It sounds strange that Angel Trumpet 3D printed jet engine is one of the side projects, but it is. GE Aviation has side projects. Side projects are cool and a cool example of it is 3D print working jet engine. A team of the engineers and machinists, engineers 3D-printed a backpack-size engine at GE Aviation's Additive Development Center near Cincinnati. They built this great engine over the course of a few years to test out what Additive Manufacturing can really do when pushed, and also to have a great side project to work on.
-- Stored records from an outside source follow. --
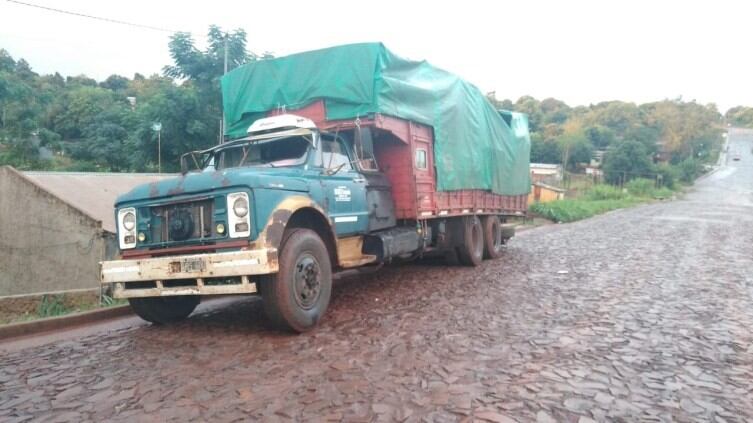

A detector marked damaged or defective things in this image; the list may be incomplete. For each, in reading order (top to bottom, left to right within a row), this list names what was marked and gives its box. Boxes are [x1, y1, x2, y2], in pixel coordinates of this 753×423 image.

rusted bumper [99, 250, 276, 300]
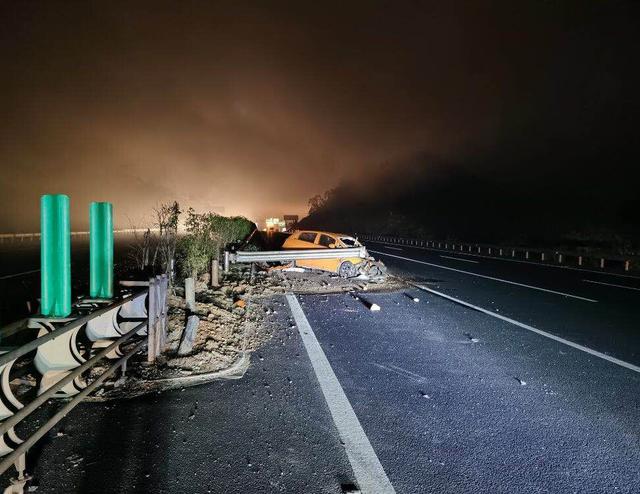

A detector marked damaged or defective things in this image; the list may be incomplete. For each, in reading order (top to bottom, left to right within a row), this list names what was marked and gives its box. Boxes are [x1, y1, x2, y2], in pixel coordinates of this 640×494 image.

crashed orange car [282, 231, 384, 278]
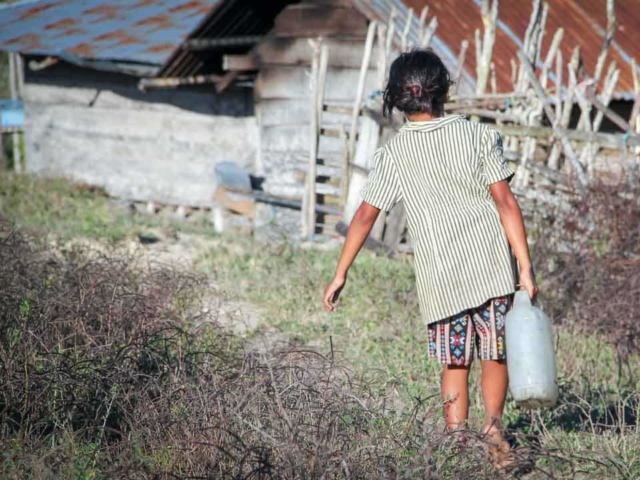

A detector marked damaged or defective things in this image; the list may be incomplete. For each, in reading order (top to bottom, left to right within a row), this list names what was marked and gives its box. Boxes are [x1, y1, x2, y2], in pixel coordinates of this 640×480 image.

rusty tin roof [0, 0, 222, 75]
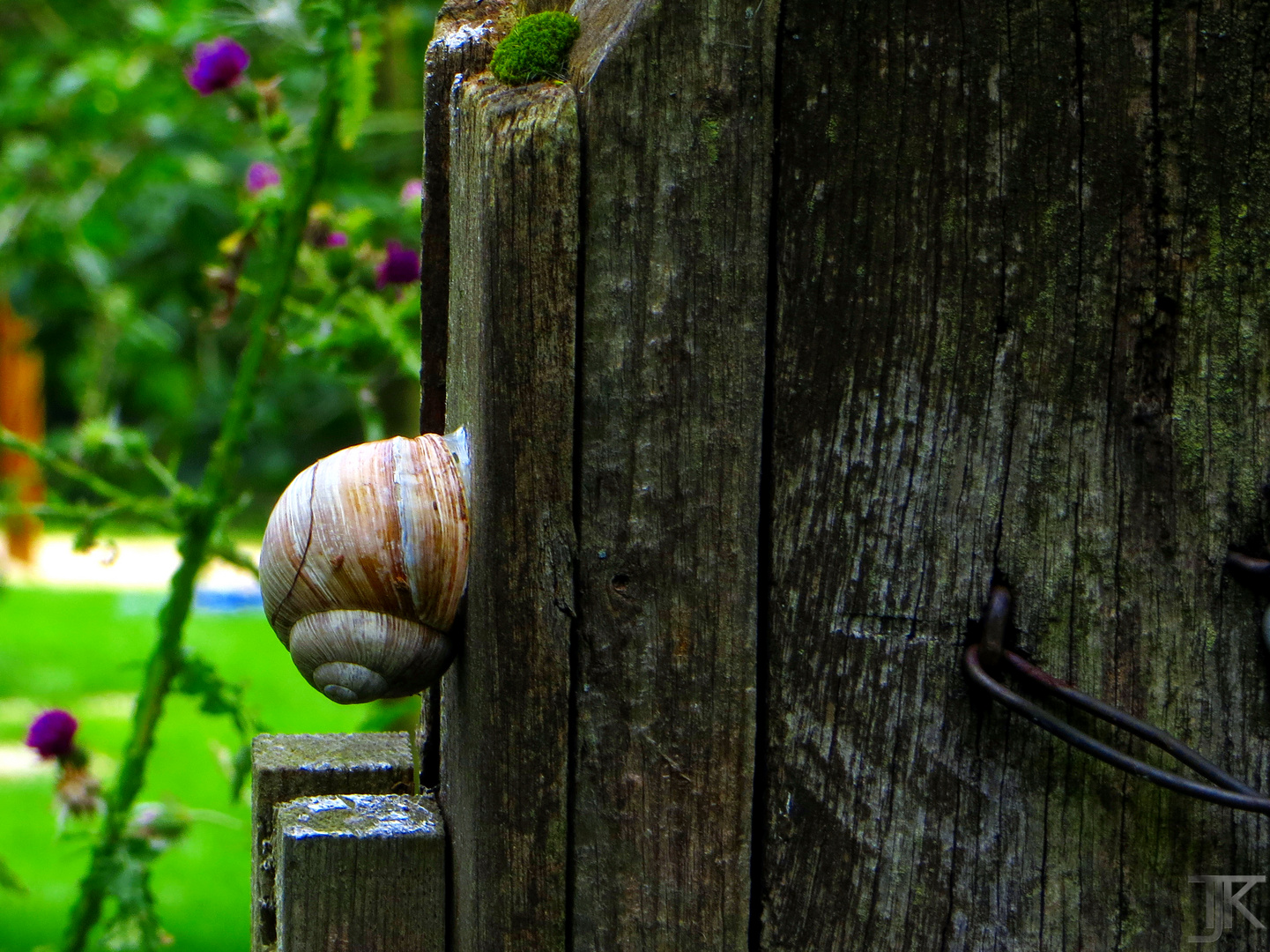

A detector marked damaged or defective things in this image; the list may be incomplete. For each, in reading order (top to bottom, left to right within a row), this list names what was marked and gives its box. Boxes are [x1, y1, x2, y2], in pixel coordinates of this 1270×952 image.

rusty wire hook [960, 582, 1270, 813]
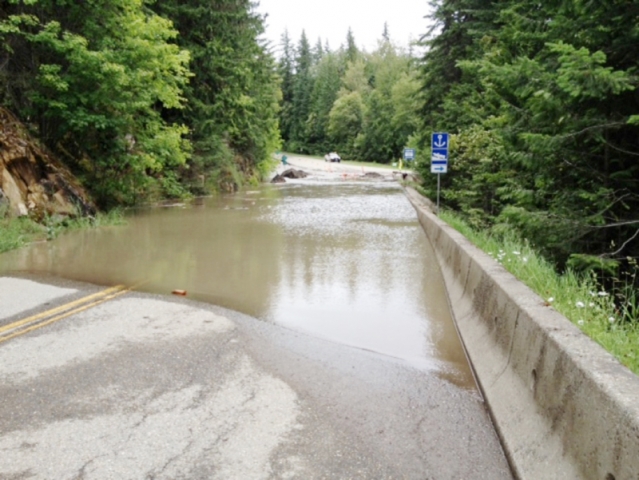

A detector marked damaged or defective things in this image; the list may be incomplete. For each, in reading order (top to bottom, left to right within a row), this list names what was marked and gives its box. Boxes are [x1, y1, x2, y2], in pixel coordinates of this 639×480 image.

cracked pavement [0, 276, 512, 478]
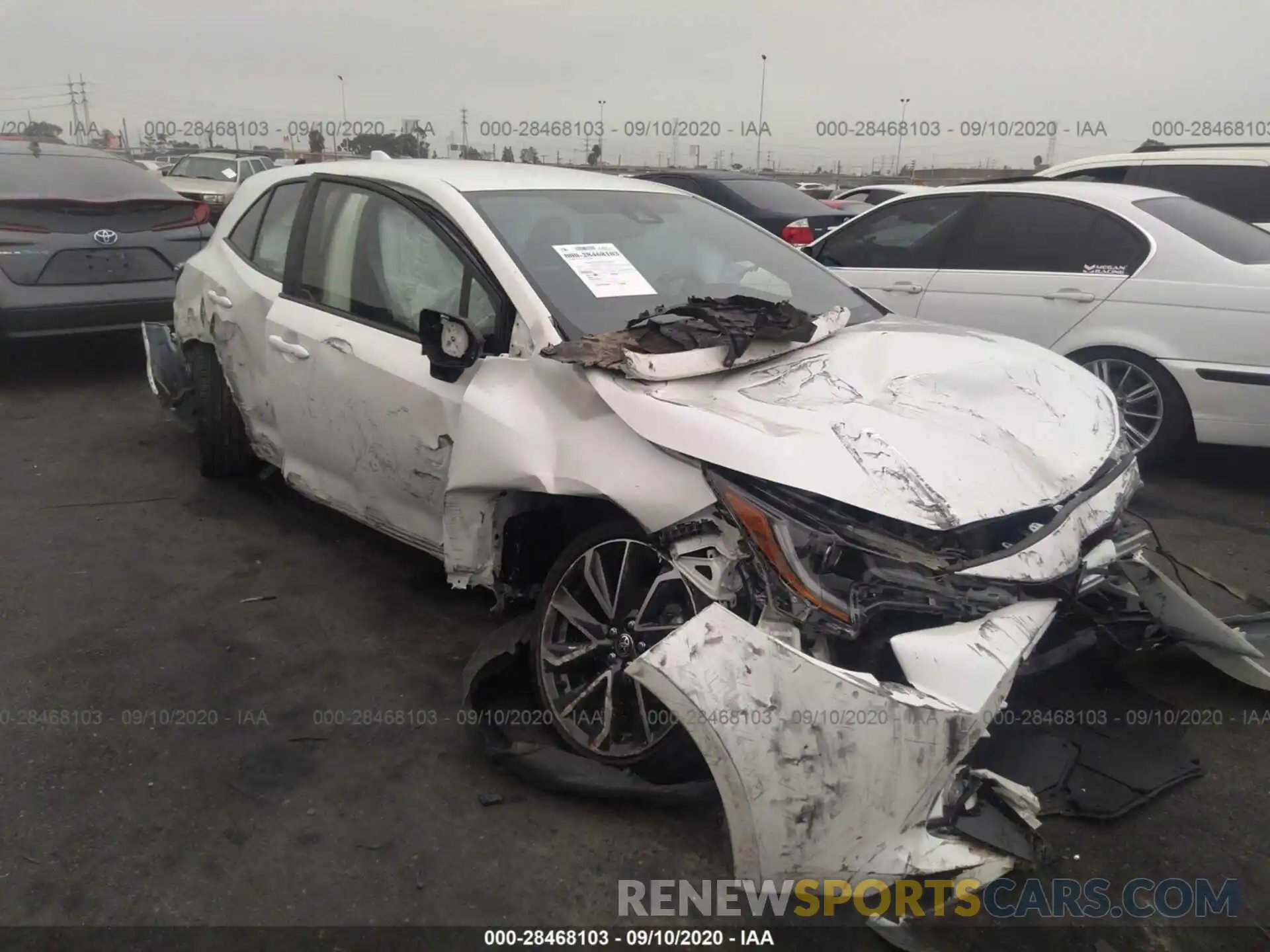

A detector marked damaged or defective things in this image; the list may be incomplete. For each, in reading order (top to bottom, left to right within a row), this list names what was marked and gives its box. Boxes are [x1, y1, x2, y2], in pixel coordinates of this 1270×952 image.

severely damaged car [142, 160, 1270, 910]
crumpled hood [585, 317, 1122, 529]
destroyed front bumper [622, 603, 1053, 883]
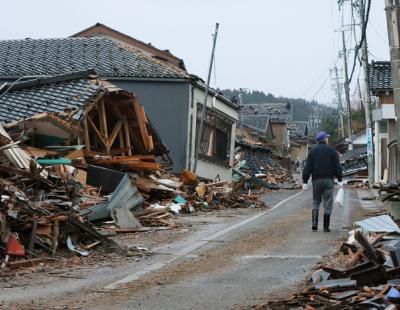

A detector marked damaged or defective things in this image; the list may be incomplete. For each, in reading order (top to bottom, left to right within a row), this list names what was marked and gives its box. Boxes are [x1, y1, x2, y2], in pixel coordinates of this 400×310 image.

damaged roof [0, 70, 101, 123]
damaged roof [0, 37, 189, 79]
damaged roof [368, 60, 390, 91]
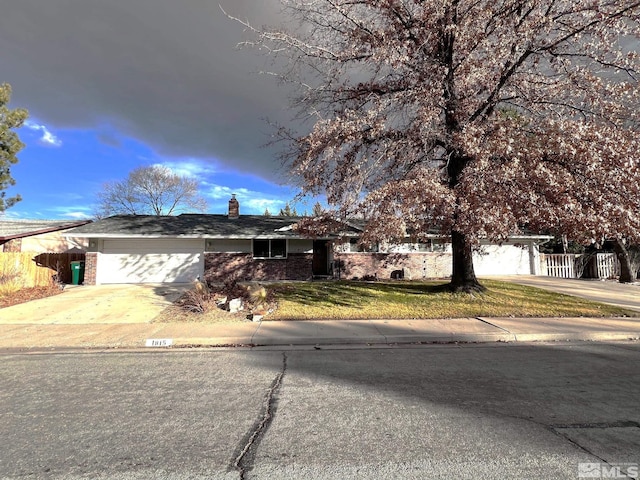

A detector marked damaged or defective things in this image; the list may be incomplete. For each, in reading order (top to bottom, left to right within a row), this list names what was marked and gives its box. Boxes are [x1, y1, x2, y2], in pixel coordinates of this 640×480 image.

road crack [232, 350, 288, 478]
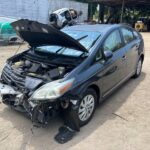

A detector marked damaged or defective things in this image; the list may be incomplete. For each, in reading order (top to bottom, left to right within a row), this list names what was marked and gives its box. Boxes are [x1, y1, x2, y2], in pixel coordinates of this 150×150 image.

broken headlight housing [30, 78, 74, 101]
damaged dark blue sedan [0, 19, 144, 144]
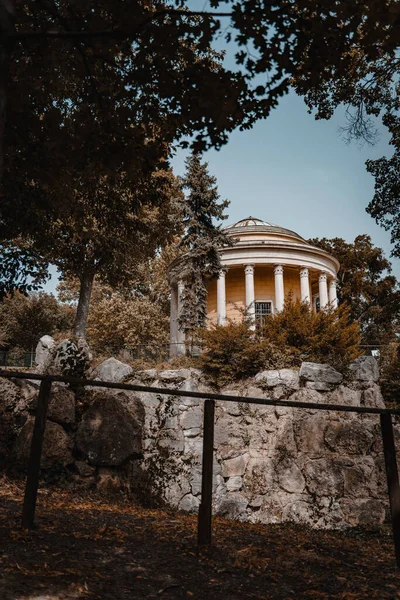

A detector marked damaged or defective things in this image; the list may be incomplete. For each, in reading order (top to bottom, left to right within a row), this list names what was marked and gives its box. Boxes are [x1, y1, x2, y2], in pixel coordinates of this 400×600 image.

rusty fence post [21, 380, 52, 528]
rusty fence post [198, 398, 216, 548]
rusty fence post [380, 412, 398, 568]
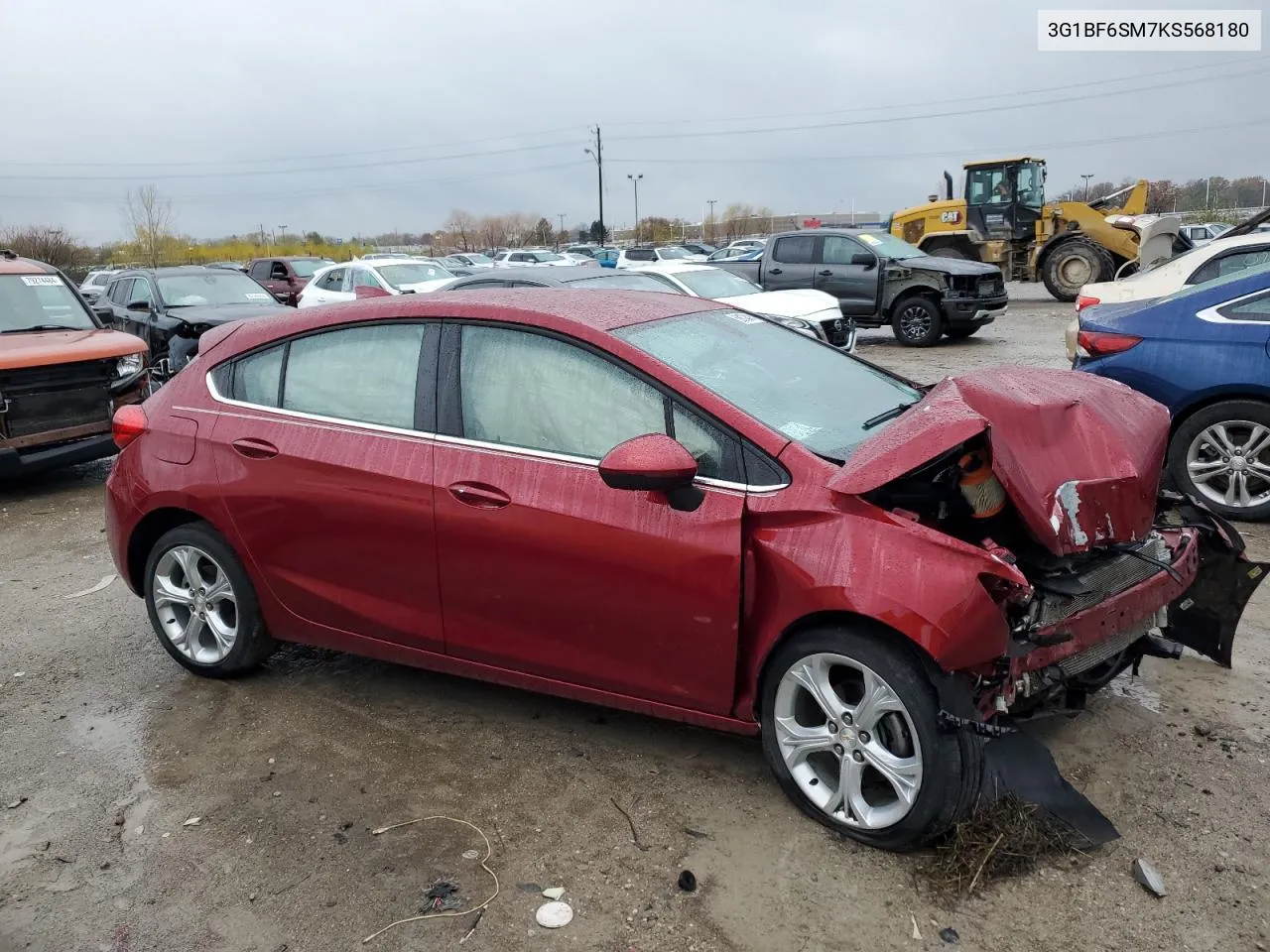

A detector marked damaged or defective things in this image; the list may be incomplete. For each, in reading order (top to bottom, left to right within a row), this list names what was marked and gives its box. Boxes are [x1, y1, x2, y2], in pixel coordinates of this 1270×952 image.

detached bumper [945, 294, 1012, 327]
cracked headlight [116, 353, 145, 379]
detached bumper [0, 432, 116, 480]
crushed hood [833, 367, 1175, 559]
severe front damage [833, 369, 1262, 718]
broken plastic debris [64, 575, 116, 599]
broken plastic debris [1135, 861, 1167, 896]
broken plastic debris [532, 904, 572, 924]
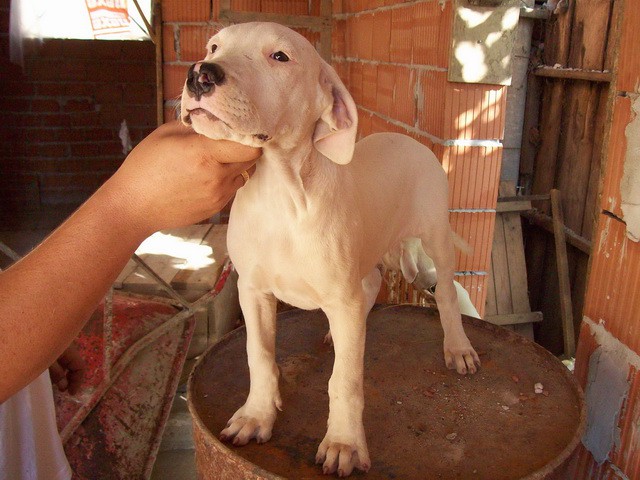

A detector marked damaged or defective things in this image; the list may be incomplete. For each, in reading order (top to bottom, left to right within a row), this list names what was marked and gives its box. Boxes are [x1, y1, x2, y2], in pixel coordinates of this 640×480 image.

rusty metal barrel [186, 306, 584, 478]
rusty metal sheet [186, 306, 584, 478]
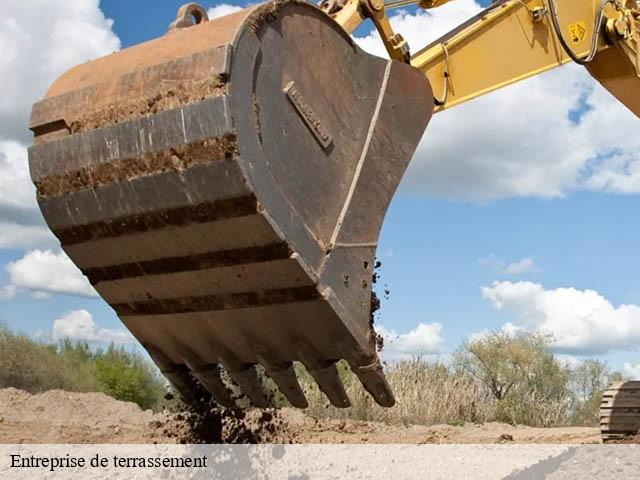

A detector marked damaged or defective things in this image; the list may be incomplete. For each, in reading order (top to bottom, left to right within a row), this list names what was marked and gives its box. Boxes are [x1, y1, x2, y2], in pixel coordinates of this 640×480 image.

rusty metal bucket [27, 0, 432, 408]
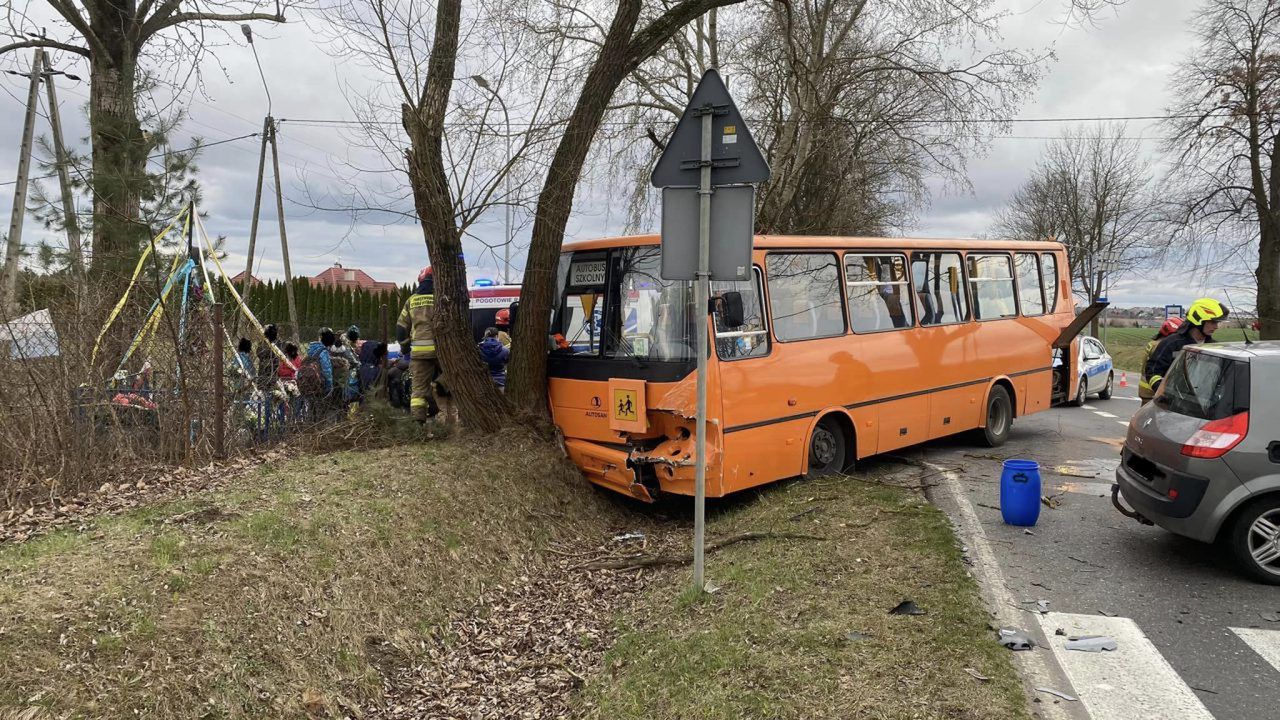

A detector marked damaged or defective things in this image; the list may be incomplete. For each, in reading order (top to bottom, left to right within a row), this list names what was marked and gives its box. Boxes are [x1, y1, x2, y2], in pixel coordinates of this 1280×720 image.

crashed bus [544, 236, 1096, 500]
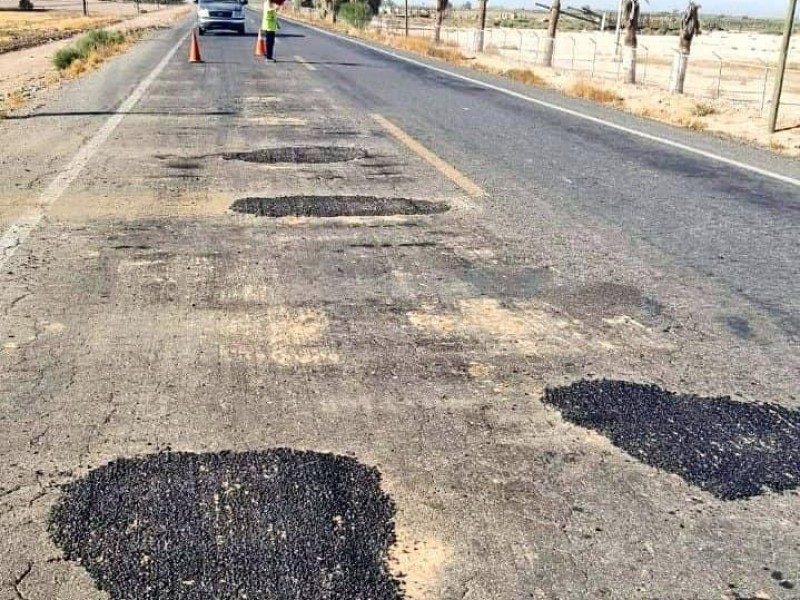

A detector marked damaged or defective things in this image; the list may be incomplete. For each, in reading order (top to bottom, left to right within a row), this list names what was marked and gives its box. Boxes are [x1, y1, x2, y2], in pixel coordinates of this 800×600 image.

They wanted to see if they could build a little engine that runs almost entirely out of additive manufacturing parts,” according to one of their engineers. This was a fun side project, he added. It's not quite as complex as a commercial aircraft engine, in every sense. But, the thing which was a bit too complicated is to build into this working model. Alternatively, they analyzed an engine for remote control model airplanes and customized it for 3D printing. Score another victory for the team that's already developed an AM fuel nozzle for inclusion in the CFM LEAP jet engine for commercial single-aisle aircraft, which is being tested right now. The FAA recently approved the first 3D-printed component (T25 sensor housing) for a version of the GE90 jet engine. GE is currently retrofitting the component onto 400 existing aircraft.
When talked to Matt Benvie, spokesman for GE Aviation, he says, “There are really a lot of benefits to building things through additive’’. Moreover, he said, “You get speed because there is less need for tooling and you go right from a model or idea to making a part. You can also get geometries that just can’t be made any other way.” They then proceeded to blast it to 33,000 RPM.